After years spent mapping the remnants of Boulder County’s once-vibrant apple tree population, a local preservation project is now planting new orchards to help ensure rare and nearly forgotten varieties aren’t lost forever.
The Boulder Apple Tree Project (BAPT) began in 2017, when CU Boulder ecology professor Katie Suding’s children spotted an old apple tree growing improbably in an open prairie near their home. She pulled together a team of scientists, historians and community members to find out why an apple tree was growing there on Boulder’s open space.
“She just followed her curiosity,” said Amy Dunbar-Wallis, the project’s community coordinator. “How did that apple tree get here? What’s the story?”
The group launched its first “Apple Blitz” in 2018, documenting apple trees across Boulder County. What they found surprised them: Boulder and Colorado more broadly had been home to a thriving apple industry in the late 1800s and early 1900s.

“Apples travel really well and the history of apples is also the history of human migration,” Dunbar-Wallis said. “We have apples in the Eldorado Canyon area because of mining and because there were orchards there to supply the hotels that were just up the road from there.”
As Boulder grew, more orchards moved toward North Boulder, often near ditches. Aerial photos from the 1930s reveal where many once stood and where some remnant trees remain today. But as the apple industry decamped for Washington State and consolidated around a few varieties bred for durability over flavor, the U.S. apple catalog reached a genetic bottleneck, with thousands of varieties lost.
To identify apple varieties, BATP uses genetic testing, focusing on the oldest trees, which are more likely to be rare varieties and nearing the end of their roughly century-long lifespan.
Because apples don’t grow “true” from seed, the only way to preserve a variety is through grafting — a method that clones the original tree and keeps its lineage alive.
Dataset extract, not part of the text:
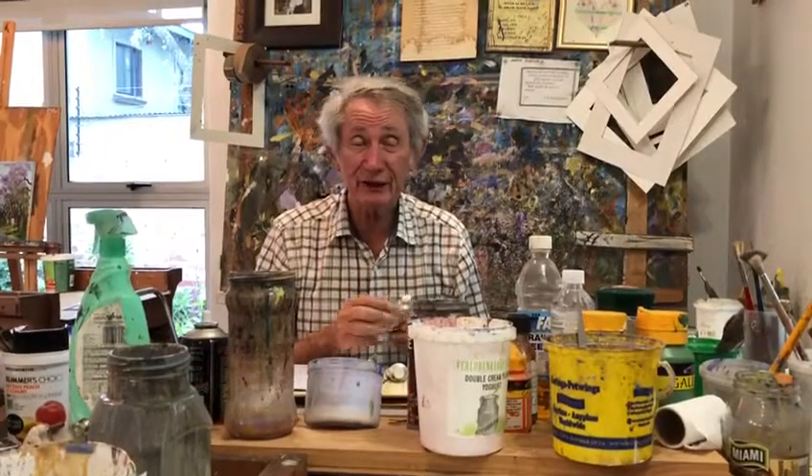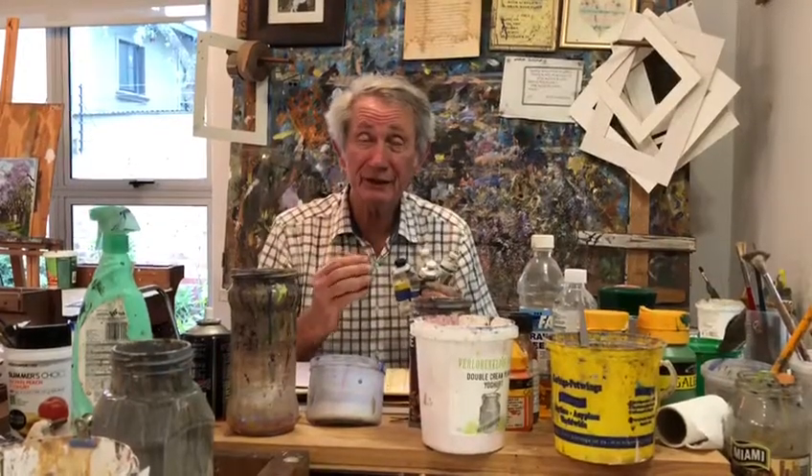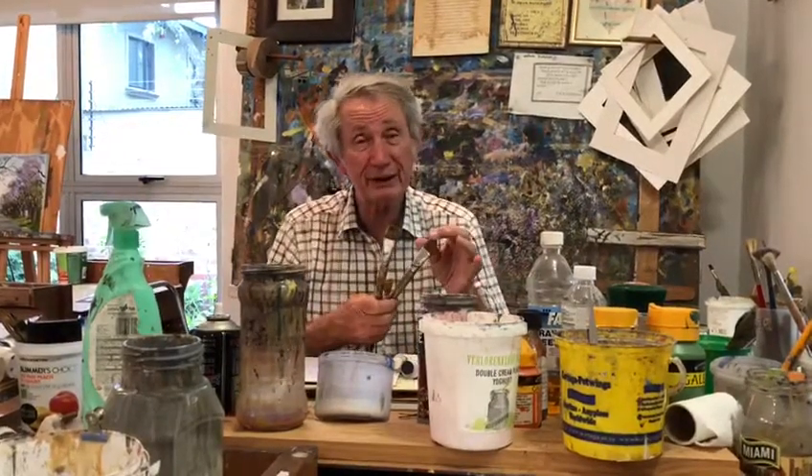We offer a basic course in acrylic where I will teach you how to paint in acrylics. I will teach you what paints to use, how to mix them, and how to understand color. I will also teach you which brushes to use to complete a painting from start to finish, and what to paint on.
DNA from unknown trees can be matched to a library of known types.
From 2018 to 2022, the team held community mapping blitzes, with data collection supported by students at the University of Northern Colorado, Front Range Community College, Red Rocks Community College and Fort Lewis College.
To date, they’ve located more than 1,000 trees across Colorado and northern New Mexico, identifying about 30 named cultivars and dozens of others through DNA testing.
In recent years, Dunbar-Wallis said the focus shifted from locating apple trees to protecting them.
“How do we preserve them and make sure that they don’t get lost for eternity?” she said. “That turned into, there’s a need for regional preservation orchards.”


In 2022, the City of Boulder reached out about a small parcel of land that had been cut off from a larger agricultural field decades ago when the Diagonal Highway was expanded. It had been taken over by prairie dogs, and the city was curious whether it could be used for an orchard. With help from the Bridge House ready-to-work program, the project cleared the land and planted about 30 trees in 2023. Now five to six feet tall, they may bear fruit this year.
That success sparked a second orchard — this one on the CU Boulder campus, near 30th Street. Students from the original project secured a grant from the CU Environmental Center and broke ground last fall, replacing sod with young trees, drought-tolerant blue gramma grass and native understory plants such as prairie grasses and wildflowers. The trees went in on May 3, but as two-year-old whips, they’re not much to look at just yet.
“We’re gonna have Macoun in there. We’re gonna have Wealthy, we’ve got Wolf Rivers going in and we’re gonna have some Black Twigs, just a really great mix of Colorado heritage-type apples,” Dunbar-Wallis said. “This isn’t going to be a fenced orchard, which I’m really excited about. So folks will be able to move through it pretty freely once the trees are more established.”
All fruit will go to the Buff Pantry, which helps to feed food-insecure students and staff. The orchard will also serve a variety of purposes for others around the university.
“We’re glad that it’s going to be an outdoor classroom available to all different majors at CU,” Dunbar-Wallis said. “We’re anticipating that the biology students can use it. Art students can use it. It’ll be a nice place of reflection.”


On the community side, volunteer opportunities will open at both sites once the trees are more established — a few years out, Dunbar-Wallis said. “We do anticipate folks helping with picking, pruning, gleaning, preparing the orchards for winter.”
In the meantime, the public can still take part in the annual April Grafting Day, which this year included CU’s farm and garden club and CSU agronomy students. The apple blitz pivoted in 2023 to fall orchard prep. And residents can continue reporting trees through a student-developed app.
“If folks have a tree that they want tagged and they see it hasn’t been tagged,” Dunbar-Wallis said, “they can download that app and they can geotag it and input all the information about that tree so that we have that for future use.”